Workplace Policies (Referenced, Not Incorporated)
As noted above, it’s usually best to reference that employees must comply with your policies, while stating the policies don’t form part of the contract and can be updated at your discretion. This gives you flexibility to keep policies current without reissuing contracts.
Varying, Ending Or Managing Employment Lawfully
Employment terms evolve over time. Here’s how to manage change and termination in a compliant, low-risk way.
Varying The Contract
Significant changes to core terms (like pay, role, location or hours) generally require the employee’s agreement. Put variations in writing and keep a signed record. Unilateral, major changes can risk breach of contract or constructive dismissal claims.
When changes are driven by an award, enterprise agreement or legislation (for example, an annual wage increase), notify employees and update payroll and documents accordingly.
Performance Management
Before moving to termination for performance or conduct, follow a fair process: identify the issue, set expectations, provide support (training, coaching, reasonable time to improve) and document each step. A fair, documented process reduces the risk of unfair dismissal claims.
Notice, Garden Leave And Payment In Lieu
Set out notice requirements clearly and apply the greater of the NES, any award/EA and your contract. In some cases, you’ll use garden leave (the employee remains employed and paid but doesn’t attend work) or make a lawful payment in lieu of notice if that’s better for the business. Make sure any contractual clause enabling this is clear.
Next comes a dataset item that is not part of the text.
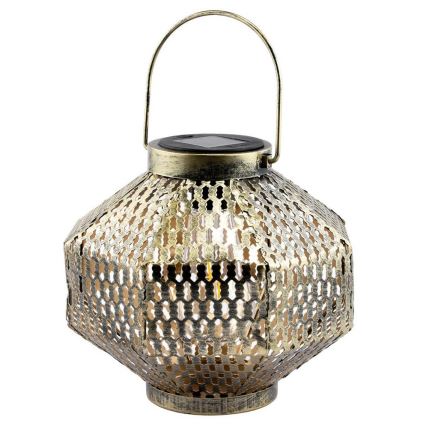 LED aurinkokäyttöinen valaisin LAURA 1xE27/1,2V 300 mAh IP44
Final Pay And Entitlements
On termination, pay all owed amounts: outstanding wages, accrued annual leave, and any other applicable entitlements. Check award or EA obligations around redundancy, consultation and service of notices. Keep accurate records of hours and leave balances-good records are your best defence if questions arise.
When To Get Help
If you’re navigating an award for the first time, engaging fixed-term staff over multiple periods, or relying on non-compete restraints, it’s wise to get targeted advice. A small investment up front can prevent underpayment issues, disputes or restraints being struck down later.
Key Takeaways
- Put every hire on a clear, written employment contract-verbal or implied agreements create risk and uncertainty.
- Your contract cannot undercut the National Employment Standards, modern awards or any enterprise agreement; it should work alongside them.
- Include the essentials: role, type of employment, hours, pay and super, leave entitlements, confidentiality and IP, notice and termination, and a sensible treatment of policies.
- Be accurate with classifications. Award coverage depends on duties and classification-not job titles or “above-award” pay alone.
- Follow onboarding rules: provide the FWIS (and CEIS for casuals) and use stapled super if the employee doesn’t choose a fund.
- Use fixed-term contracts carefully in light of recent limits, and keep restraints reasonable if you expect to rely on them later.
- Document any variations, apply a fair process for performance and termination, and ensure final pay includes all owed entitlements.